Casey Kasem has complained vociferously about the “lack of obedience to orders” displayed by the leaders of Second Platoon. “Their job is to execute whatever the commander tells them,” he’s fumed, “and they don’t.”
While following orders is at the heart of good military discipline, the men have no faith in the layer of command above Fick, starting with Encino Man and his loyal enlisted helper, Casey Kasem. “Those two incompetents are dangerous out here,” one of Colbert’s friends in the platoon says. “ ‘Obedience to orders’ to them means they don’t want to look bad to their commanders. They’re afraid to question orders. Fick and Gunny Wynn are great men because they have the courage to do the right thing.”

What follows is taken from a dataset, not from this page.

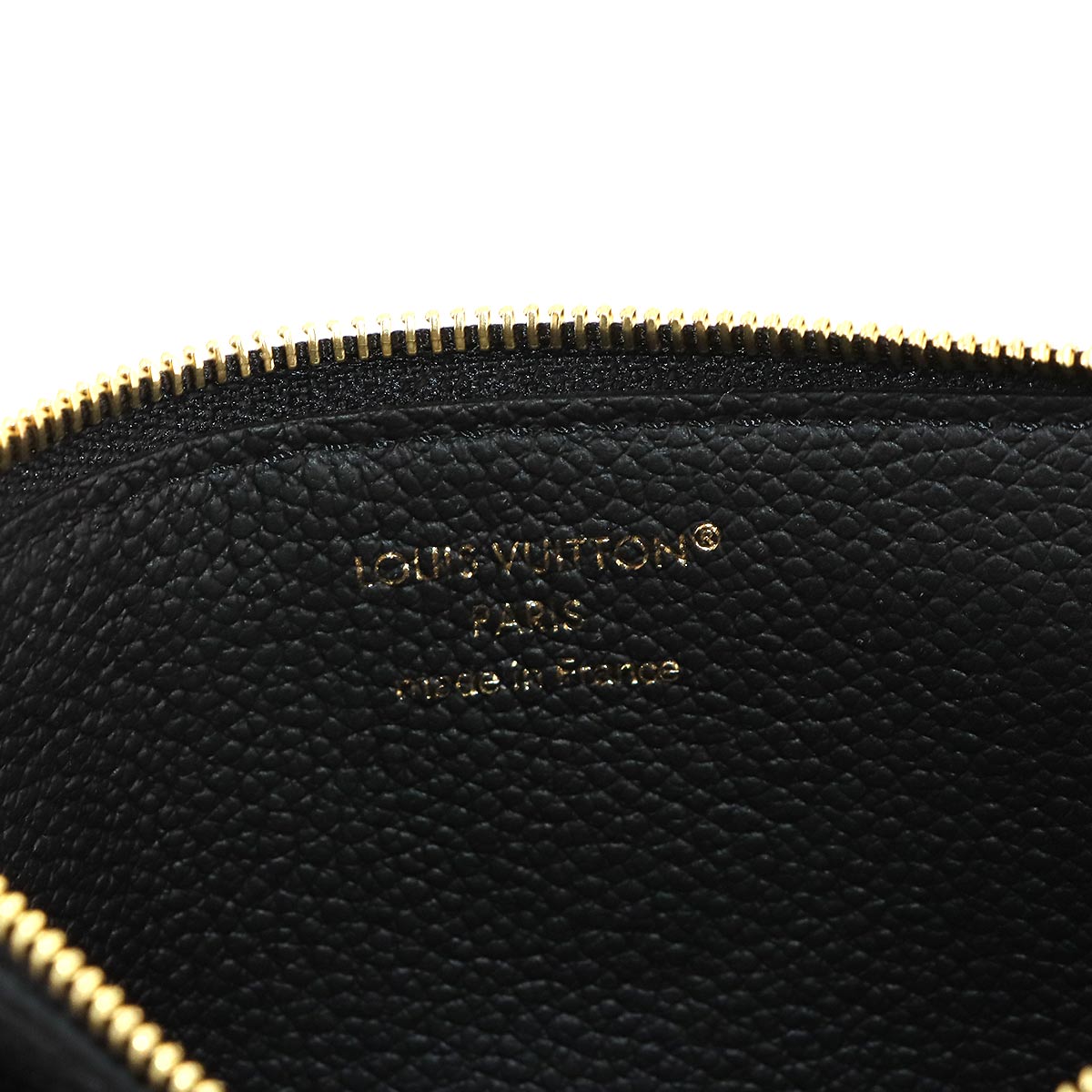 Monogram Empreinte Card Holder Recto Verso Noir M69421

THE DEBATE over questioning orders from superiors becomes far less abstract the evening of April 22, at First Recon’s camp south of Baghdad. This night a battalion watch officer, whose job is to sit in for Lt. Col. Ferrando and, in effect, babysit the battalion when he’s indisposed, mistakenly issues an order for Marines to go out in the darkness and mark the location of a minefield by the highway north of the camp. The watch officer radios Capt. Patterson and asks him to send some of his men in Alpha to escort combat engineers on the mission.

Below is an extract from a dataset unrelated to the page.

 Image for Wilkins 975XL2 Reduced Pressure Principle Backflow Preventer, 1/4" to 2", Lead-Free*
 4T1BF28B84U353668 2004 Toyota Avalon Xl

The mines were discovered a few days earlier by Patterson’s men along the highway a kilometer north of the camp. Combat engineers have been removing mines all day, but hundreds remain. The watch officer erroneously believes there’s an order to mark the location of the remaining mines with chemlites. Patterson tells him that he must be mistaken. There’s a division-wide order banning Marines from operating in minefields at night. Besides, thousands of American military vehicles have passed by the mines in recent weeks without incident. The job can wait until morning, Patterson tells him, declining to execute the order.

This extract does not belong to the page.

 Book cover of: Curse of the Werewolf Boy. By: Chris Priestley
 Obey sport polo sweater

But the watch officer persists. He radios Encino Man and asks him to send Marines out in the dark to mark the minefield. Encino Man promises to push Marines out immediately. He later tells me, “I didn’t want to send Marines out there, but the watch officer is the voice of the battalion commander [Ferrando]. I couldn’t say no.”
The operation gets into full swing when Encino Man contacts Captain America and issues the command for his men to accompany three engineers into the minefield. In the wake of the episode in which Captain America taunted an EPW with his bayonet, he was reinstated to command of his platoon following a brief suspension but is still awaiting final disposition on possible disciplinary action from Ferrando. The enlisted men, Kocher and Redman, were cleared of wrongdoing in that matter, and Captain America now orders their team and another to transport the engineers up the road to the minefield.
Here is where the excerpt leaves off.